Suspirou. Ela tinha-se decidido a fazer isto, mas estava a empatar. Será que tinha mudado de ideias? Se havia algo impossível de desfazer, seria aquilo. Já estava tudo em ordem, já tinha tudo escrito, todas as pessoas com indicações do que fazer assim que aquilo acontecesse, toda a operação pronta para continuar sem si. Nada a impedia de esperar mais um dia ou dois, pelo menos... Sobreviveria até lá, não?
Cada dia tinha menos certeza disso. O seu corpo estava a começar a falhar, e as dores estavam cada vez piores, especialmente porque ela se recusava a tomar qualquer tipo de medicação para a ajudar nisso. Tinha visto o que é que aqueles medicamentos faziam às pessoas, e não queria ir pelo mesmo caminho.

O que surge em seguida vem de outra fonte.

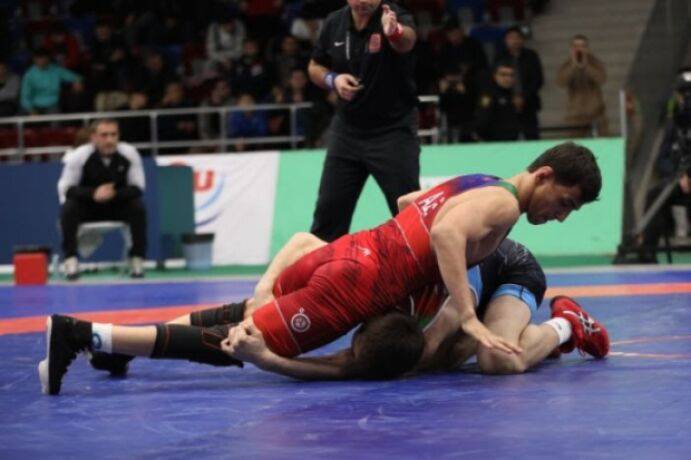 Güləşçilərimiz Albaniyada 4 medal qazandı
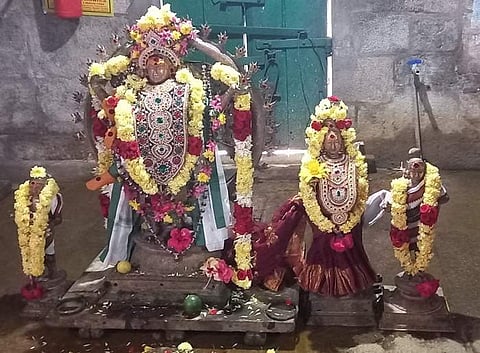 நீடாமங்கலம்  அருகேயுள்ள பூவனூர் சதுரங்கவல்லபநாதர் கோயில் ஆருத்ரா தரிசன விழாவில் பக்தர்களுக்கு அருள்பாலித்த சிவகாமி அம்மையார் சமேத நடராஜப்பெருமான்.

E depois havia a carta que tinha mandado darem à sua princesinha, mais tarde nesse dia. A explicação de tudo, e a chave para aquele quarto trancado.
Suspirou. Tinha que fazer aquilo.
Fechou o frasco de perfume. Pegou na jarra de rosas de vidro e, tirando o bouquet de lá de dentro, virou-a sobre a mão para pegar no que precisava. Tinha tudo planeado, tudo ordenado, como sempre. Aquela pequena ampola já estava ali há mais de um ano, desde a primeira vez que tinha ali ido desde o seu diagnóstico, pouco antes de ter tomado Branca de Neve sob a sua alçada. Aquilo estava pronto desde o início. Foi das primeiras decisões que tomou, ao saber.
Já estava tudo pronto. Aquilo que não tinha ainda contado ou gravado ou transmitido de uma outra forma já estava registado, escrito à mão, organizado nos montinhos de papel já legendados. A maioria dos seus segredos estavam ali, sob a secretária, iluminados pela luz elétrica que refletia a tinta dourada dos títulos. O resto estava algures naquela casa, nas mãos de um qualquer empregado ou pousada sobre uma cama, antes de a sua princesa a encontrar. Claro que havia alguns que levaria com ela para a cova.
Bebeu tudo de uma vez.
Teve tempo de se deitar sobre a cama e de adormecer com a cabeça sobre as almofadas. No fim, sempre foi incapaz de conter aquela última lágrima.
A Rainha está morta!
Longa vida à Rainha!
.....
Nota da Autora
A vida não é justa, mas não se enganem, porque também não é injusta. É simplesmente aleatória. É injusta quando coisas boas acontecem a gente má e vice-versa, e é justa quando coisas más acontecem a pessoas más e coisas boas acontecem a pessoas boas.
A morte da Rainha? Bem, isso não é culpa da vida, é culpa minha 😂
Alguns de vocês são escritores, right? Algumas pessoas planeiam tudo ao milímetro, criam mundos na sua mente, alinhavam tudo para ter a certeza que cosem a direito. Para mim, principalmente neste projeto, é mais como se eu estivesse a descobrir algo que já aconteceu. Não matem o mensageiro!
Mas bem, agora já sabem, meus amores. Já sabem porque é que a Rainha andava distraída, porque é que começou a treinar Branca de Neve, porque é que decidiu chamar o Jornalista mesmo sabendo o risco que estava a tomar ao fazê-lo. Ela é teimosa, e continuou teimosa até ao fim... even if it kills her.
Além disso... Uma jarra de veneno com rosas a sair do topo? Does it sound familiar?😂 😂
Tive que chamar o meu Eça de Queiroz interior para estas descrições. Bricadeiras à parte, é mesmo neste tipo de escrita que eu me sinto mais confortável. Porquê ter ação, ou um plot, quando se pode passar 1700 palavras a descrever um quarto, uma casa de banho e um vestido, por essa ordem??
Eu duvido que vá descrever o que acontece depois. Não sei como é que Annemie Falke aka Branca de Neve reagirá ao abrir a carta, ou ao correr para o quarto para a encontrar assim. Honestamente, nem sequer quero pensar nisso...
À partida, não haverá mais Corte das Mentiras —pelo menos, não nesta iteração— e, portanto, este é o nosso "adeus". Por agora ^3^Beijinhossss!!!